Indonesia will have a Labour Day holiday for the first time, and among the workers marching are women who earned less than $1 an hour making shoes.
Among the workers readying to march for Indonesia's first Labour Day national holiday are women who used to earn less than $1 an hour making adidas shoes, until they were sacked.
In 2012, about 1300 workers from the Panarub Dwikarya factory spoke up about their working conditions.
Campaigners claimed they were working 65-hour weeks for as little as 5000 rupiah ($A0.46) an hour.
In response, the factory offered "voluntary resignation" with severance pay of 1.6 million rupiah.
But the workers' union says those who refused the offer still lost their jobs and received no severance pay.
The affected staff, all women, still protest weekly outside the factory at Tangerang, west of Jakarta, for their promised entitlements.
Union representative Kokom says Labour Day also takes on significance for the workers who remain at Panarub.
"In January, there were 79 workers here, but since February, it became 68 people with the same target, which is 180 shoes per hour," she told AAP.

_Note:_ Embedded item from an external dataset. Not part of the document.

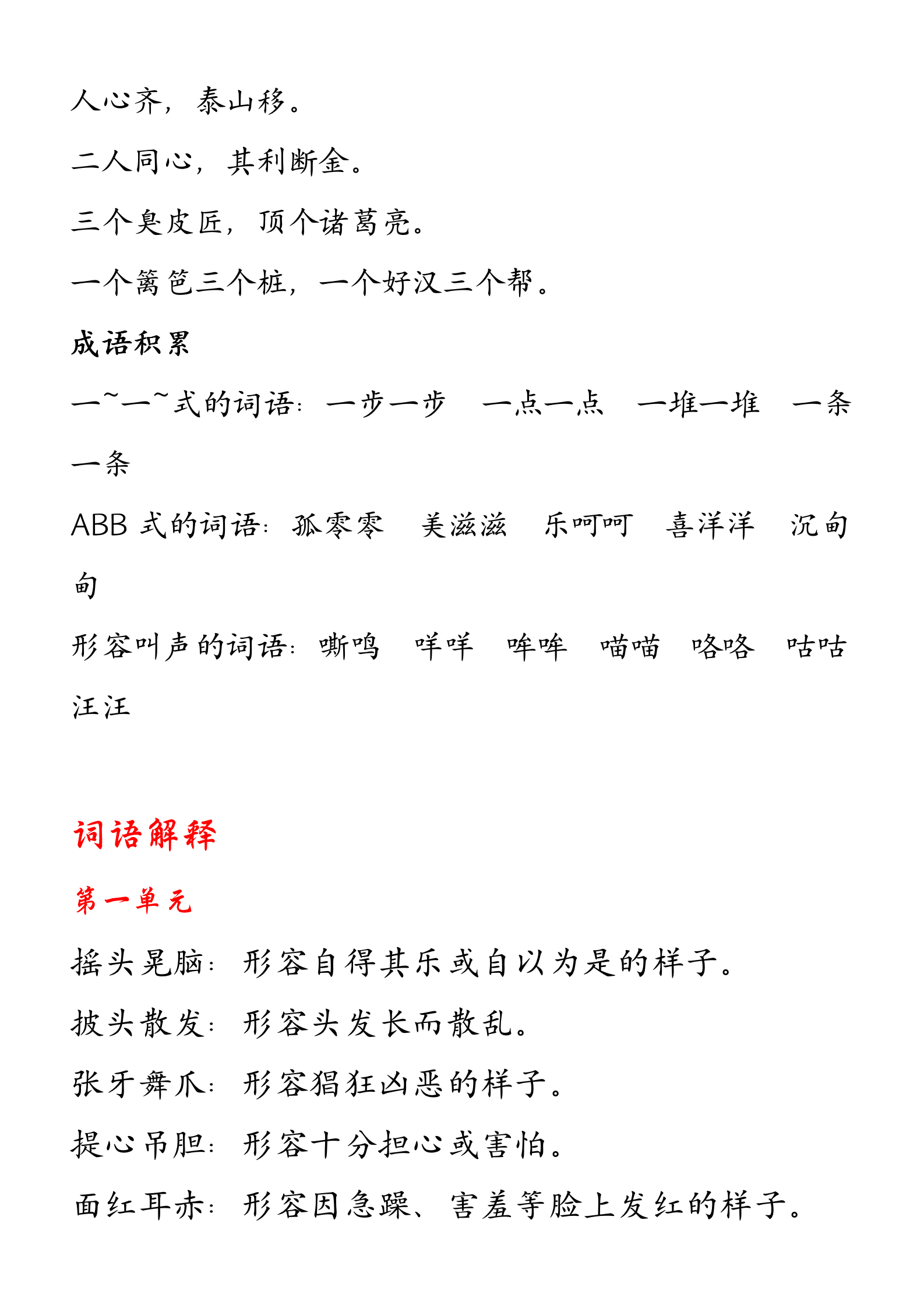 三年级上语文期中专项复习，有练习、有梳理，考100分就靠这了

"It is too much pressure."
Indonesia's cheap labour makes it an increasingly popular destination for manufacturing, and this has corresponded with an upsurge in union activism.
Last year, President Susilo Bambang Yudhoyono decreed May 1 a holiday from 2014.
Confederation of Indonesian Workers Unions chairman Said Iqbal expects 500,000 workers will march on Thursday.
In Jakarta, they will meet at the palace with 10 demands for the next president, to be elected in July.
At the top is a 30 per cent increase in the minimum wage, which in Jakarta is about 2.4 million rupiah.
"It's very meaningful to make it a national holiday because it's state acknowledgement of labour, even if it's only symbolic," he said.
"This is the moment for us to voice our struggle."
Panarub and adidas did not respond to requests for comment.
Adidas responded to the 2012 strike by urging the factory to pay workers their entitlements, and vowed to stop orders until the dispute was resolved.